In CPython, the code object is represented by PyCodeObject (defined in Include/cpython/code.h). It is one of the most important internal types — every execution scope (module, function, class, comprehension) gets one. The object is immutable after creation, which enables caching in .pyc files and safe sharing across threads.

Complete Attribute Reference

Here is the full set of co_ attributes available in Python 3.12+:

def example(a, b=10, *args, key=None, **kwargs):
    x = a + b
    name = "test"
    return x

co = example.__code__

Argument metadata:

co_argcount — Positional argument count (2: a and b)
co_posonlyargcount — Positional-only arguments (0 here)
co_kwonlyargcount — Keyword-only arguments (1: key)
co_flags — Bitmask indicating properties like CO_VARARGS (0x04), CO_VARKEYWORDS (0x08), CO_GENERATOR (0x20), CO_COROUTINE (0x100)

Variable tables:

co_varnames — Local variables including arguments: ('a', 'b', 'args', 'key', 'kwargs', 'x', 'name')
co_cellvars — Variables captured by inner functions (closures)
co_freevars — Variables received from an enclosing scope
co_names — Global/attribute names referenced

Bytecode and constants:

co_code — The raw bytecode bytes
co_consts — Immutable constant pool: (10, None, 'test')
co_stacksize — Maximum evaluation stack depth

Source mapping:

co_filename — Source file path
co_name — Scope name (e.g., 'example')
co_qualname — Qualified name including nesting (Python 3.11+)
co_firstlineno — First line number
co_lnotab — Legacy line number table (deprecated)
co_linetable — New compact line table (Python 3.10+)

Bytecode Layout

The co_code attribute contains the actual instructions. In Python 3.6+, every instruction is exactly 2 bytes (word code): one byte for the opcode, one for the argument. Instructions that need larger arguments use EXTENDED_ARG prefixes.

import dis

def square(n):
    return n * n

dis.dis(square)
# Output (Python 3.12):
#   RESUME          0
#   LOAD_FAST       0 (n)
#   LOAD_FAST       0 (n)
#   BINARY_OP       5 (*)
#   RETURN_VALUE

The dis module decodes co_code and maps argument indices back to the variable tables. LOAD_FAST 0 means “load local variable at index 0 in co_varnames”, which is n.

The Constants Pool

co_consts is a tuple containing every literal value in the function: integers, floats, strings, bytes, None, True, False, tuples of constants, and nested code objects.
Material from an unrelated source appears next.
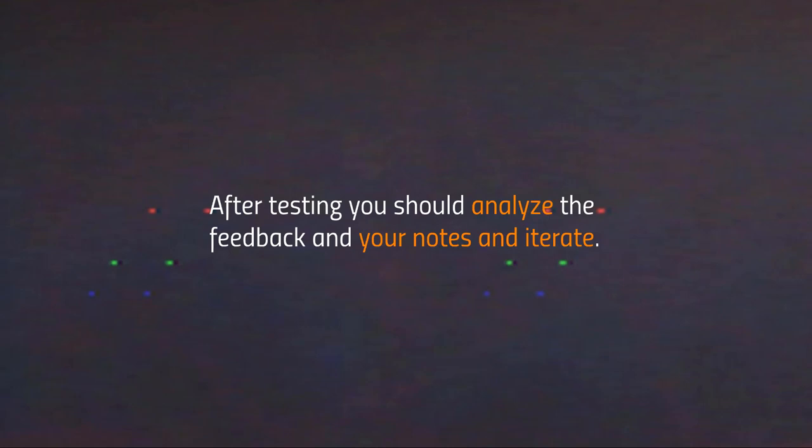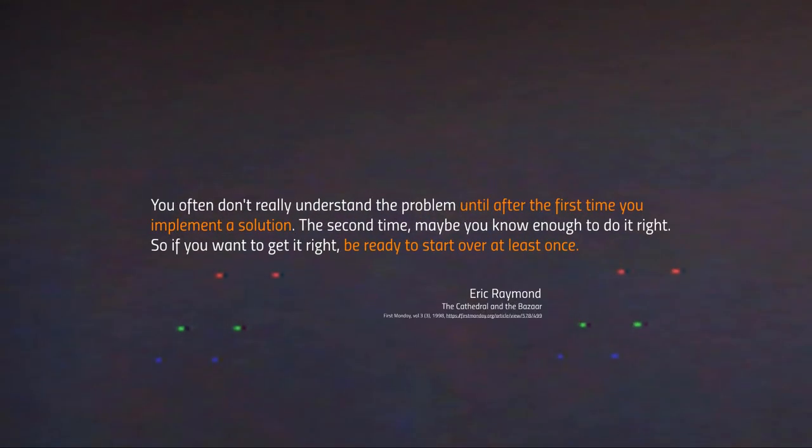Analyze the feedback and all the notes you've taken and iterate accordingly. This is the iterative, cyclical aspect of testing. Analysis is really important and it's only possible insofar as you've taken notes, observed how your users interact, and documented those interactions meticulously. A reminder that this process is not linear and not sequential — you should be doing this continuously as you go. Returning again to Eric Raymond's The Cathedral and the Bazaar: you often don't really understand the problem until after the first time you implement the solution. The second time, maybe you know enough to do it right. So if you want to get it right, be ready to start over at least once.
The compiler deduplicates constants where possible — two identical string literals may share the same entry.

Nested code objects appear here because inner function definitions are themselves constants from the compiler’s perspective:

def outer():
    def inner():
        return 42
    return inner

# outer.__code__.co_consts contains inner's code object
code_objects = [c for c in outer.__code__.co_consts
                if isinstance(c, type(outer.__code__))]
print(code_objects[0].co_name)  # 'inner'
print(code_objects[0].co_consts)  # (None, 42)

Variable Scope Resolution

The compiler determines variable scope at compile time, not runtime. This decision is encoded in which table a name appears in:

co_varnames → LOAD_FAST / STORE_FAST (array index, fastest)
co_cellvars → LOAD_DEREF / STORE_DEREF (closure cell)
co_freevars → LOAD_DEREF (received from enclosing scope)
co_names → LOAD_GLOBAL / LOAD_ATTR (dictionary lookup, slowest)
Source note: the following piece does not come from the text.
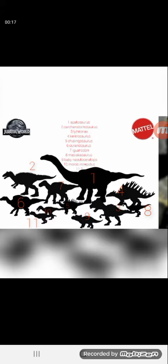Number one is very obvious, Apatosaurus is number one. Two is the Carcharodontosaurus, which is not that hard to find. Three is the Mithranax, towards the bottom right-hand corner. Four is the Kentrosaurus, right above three.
This is why local variables are faster than globals — LOAD_FAST is an array index operation, while LOAD_GLOBAL involves a dictionary lookup in the module namespace.

def closure_example():
    count = 0
    def increment():
        nonlocal count
        count += 1
        return count
    return increment

outer_co = closure_example.__code__
print(outer_co.co_cellvars)  # ('count',)

inner_co = [c for c in outer_co.co_consts
            if hasattr(c, 'co_code')][0]
print(inner_co.co_freevars)  # ('count',)

Creating Code Objects Programmatically

You can construct code objects using types.CodeType, though the constructor signature is extensive:

import types

# A minimal code object that returns 42
bytecode = bytes([
    100, 0,   # LOAD_CONST 0 (42)
    83, 0,    # RETURN_VALUE
])

code = types.CodeType(
    0,              # argcount
    0,              # posonlyargcount
    0,              # kwonlyargcount
    0,              # nlocals
    1,              # stacksize
    0,              # flags
    bytecode,       # codestring
    (42,),          # constants
    (),             # names
    (),             # varnames
    '<dynamic>',    # filename
    'answer',       # name
    'answer',       # qualname
    1,              # firstlineno
    b'',            # linetable
    b'',            # exceptiontable
    (),             # freevars
    (),             # cellvars
)

func = types.FunctionType(code, {})
print(func())  # 42

The code.replace() method (Python 3.8+) is safer for modifying existing code objects — it copies all attributes and lets you override specific ones:

new_code = square.__code__.replace(co_name='square_v2')

The Line Number Table

Tracebacks, debuggers, and coverage tools need to map bytecode offsets back to source lines. Python 3.10 replaced co_lnotab with co_linetable, a more compact encoding that also supports column-level precision (Python 3.11+ adds co_positions() for exact column ranges).

# Python 3.11+
for pos in square.__code__.co_positions():
    print(pos)  # (lineno, end_lineno, col_offset, end_col_offset)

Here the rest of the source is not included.